How Relevant is Philosophy Today? Wisdom is one part of the answer, that is a general knowledge one collects through all its life, mostly not systematically, either by trying and failing, or by believing others who experienced it before.
The other part of the answer is that there is a negative selection acting on knowledge domains that human kind tries to investigate systematically, and present to children and young adults through formal school education. And as soon as something manages to get investigated systematically, it gets removed out of philosophy domain, and it becomes science, either "hard" or "soft".
The difference between the two is that the latter is limited to empirical analysis, collecting data, categorizing it, but without being able to produce the exact mathematical/logical theory which explains collected data in a general and abstract form, and which is able to predict something based on that data.
What that means, is that when one has ambition to describe something generally and abstractly, but has no power to produce exact "hard" scientific theory, one must step back and say "it's just a philosophy", as I did with my 4 essays, or resort to pseudoscience, which is something that no honest person does intentionally.

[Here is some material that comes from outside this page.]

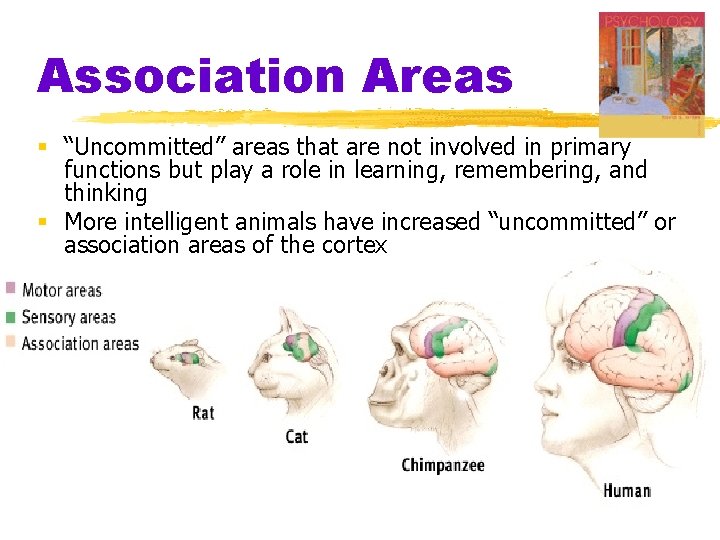 Association Areas § “Uncommitted” areas that are not involved in primary functions but play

The proof that this is true, is Isaac Newton's example. He is now considered a "founding father" of hard science, and as such, he considered himself at that time a philosopher, calling the new science he invented "principia mathematica philosophiae naturalis". Because, at that time, noone would go around saying: "I am a scientist, I have no interest in philosophy.", such a sentence at that time would sound really awkward, because the distinction was not yet established.
And by the way, he spent more of his life in things we consider today pseudoscientific researches, than in scientific ones, but he honestly believed in what he was doing, so noone considers him pseudoscientist because of that.